» Records supplied:
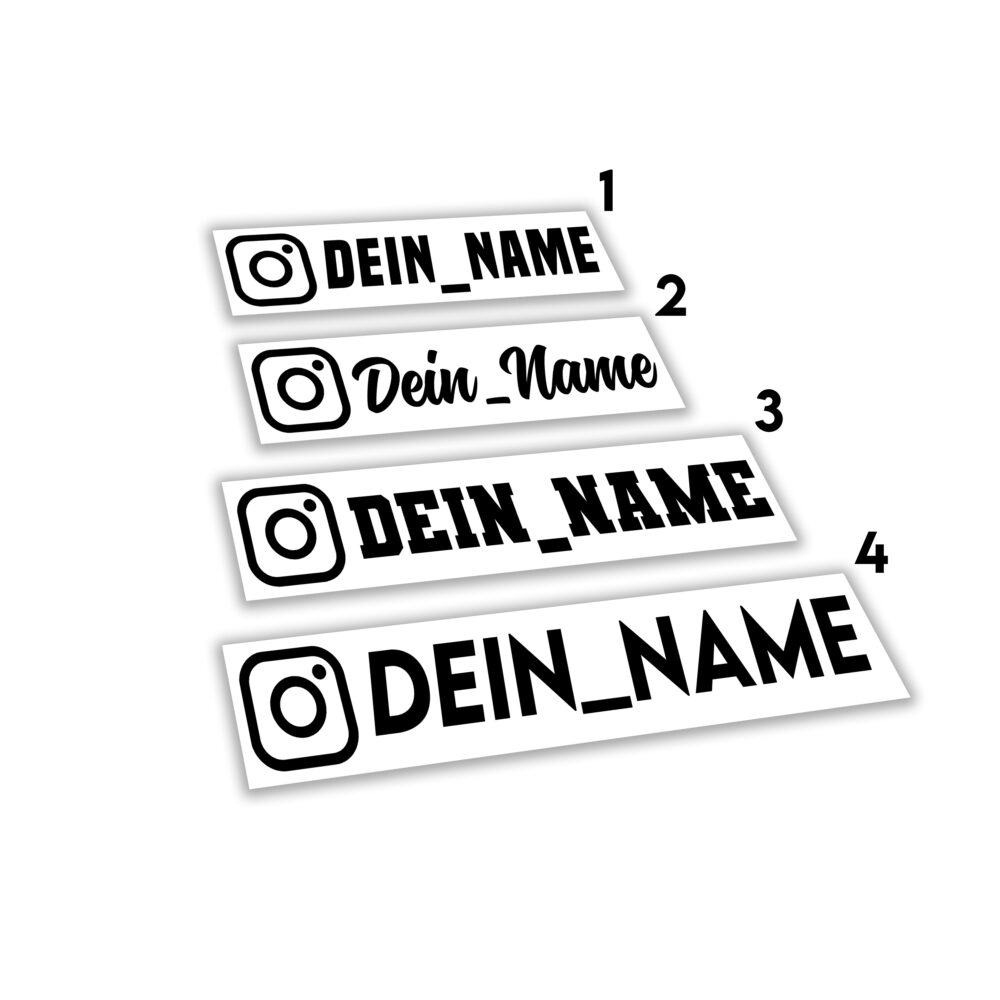 Instagram Aufkleber 10 stk. Schwarz – Bild 2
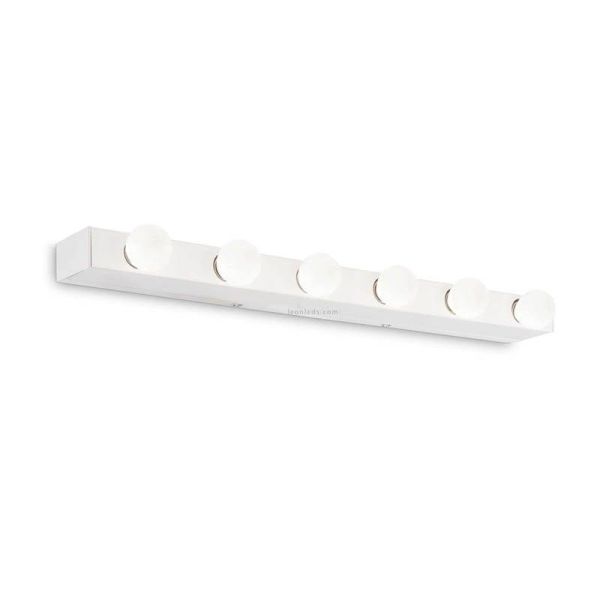 Aplique tipo hollywood blanco Prive' AP6 6xE14 | LeonLeds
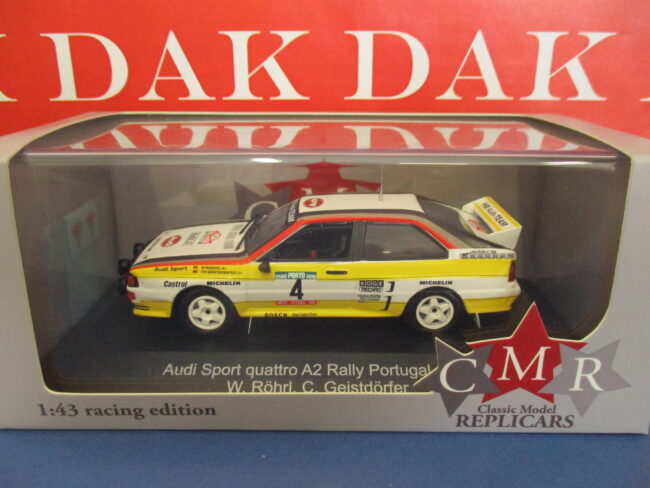 Die cast 1/43 Modellino Auto Audi Quattro A2 Rally Portugal 1984 W. Rohrl BY CMR - immagine 5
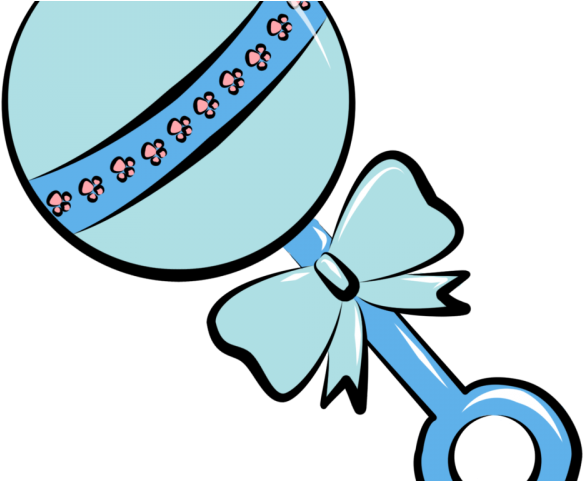 Light Blue Clipart Animated - Rattle Baby Clipart Png (640x480)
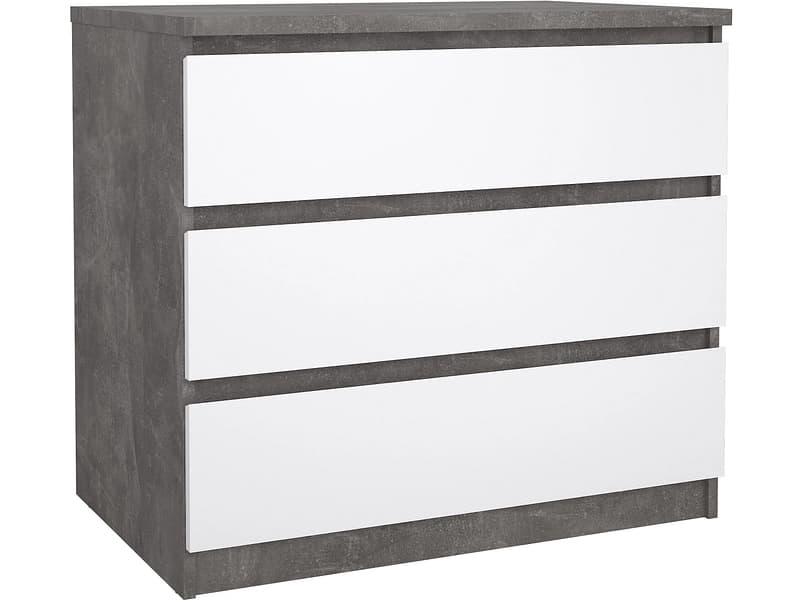 Kommode NAIA 3 Schubladen 50x77x70.1cm beton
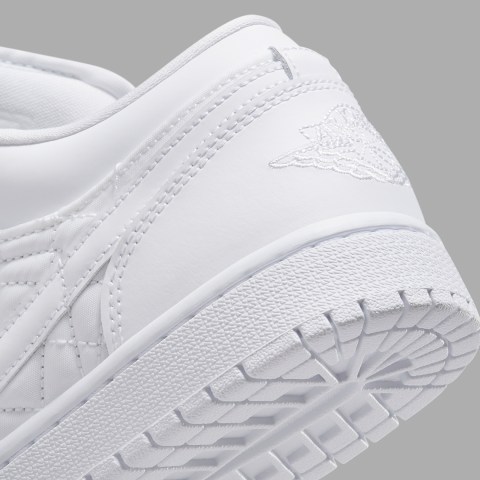 Air Jordan 1 Low Quilted White DB6480-100 | SneakerNews.com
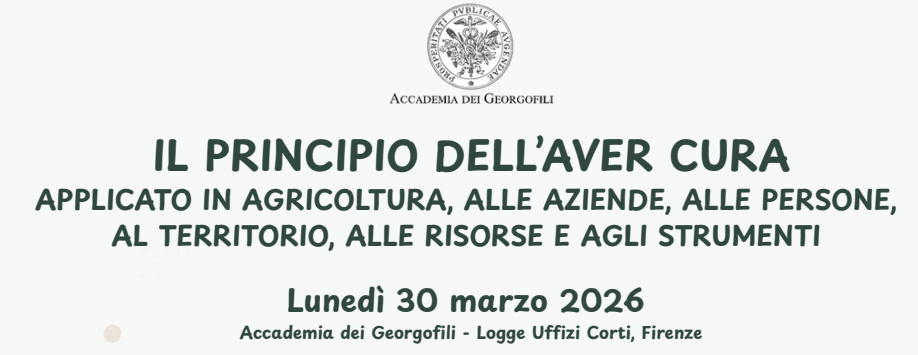 Il principio dell' "Aver cura" applicato in agricoltura, alle aziende, alle persone, al territorio, alle risorse e agli strumenti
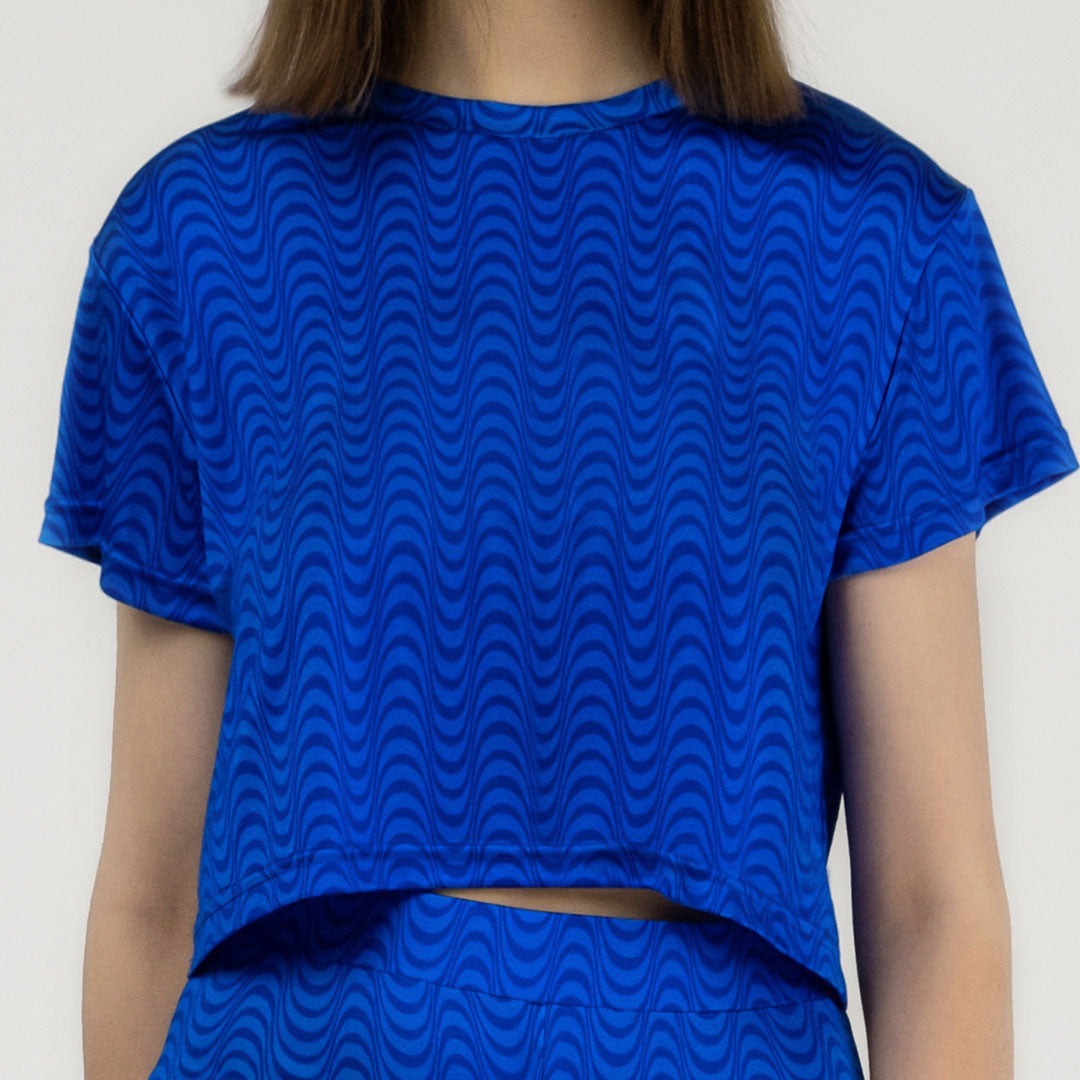 Silk Jersey Crop T-shirt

» Task objective: Would you reproduce the listing above in full and exactly, without its pictures?

» Answer to this exercise:
 Instagram Aufkleber 10 stk. Schwarz – Bild 2
 Aplique tipo hollywood blanco Prive' AP6 6xE14 | LeonLeds
 Die cast 1/43 Modellino Auto Audi Quattro A2 Rally Portugal 1984 W. Rohrl BY CMR - immagine 5
 Light Blue Clipart Animated - Rattle Baby Clipart Png (640x480)
 Kommode NAIA 3 Schubladen 50x77x70.1cm beton
 Air Jordan 1 Low Quilted White DB6480-100 | SneakerNews.com
 Il principio dell' "Aver cura" applicato in agricoltura, alle aziende, alle persone, al territorio, alle risorse e agli strumenti
 Silk Jersey Crop T-shirt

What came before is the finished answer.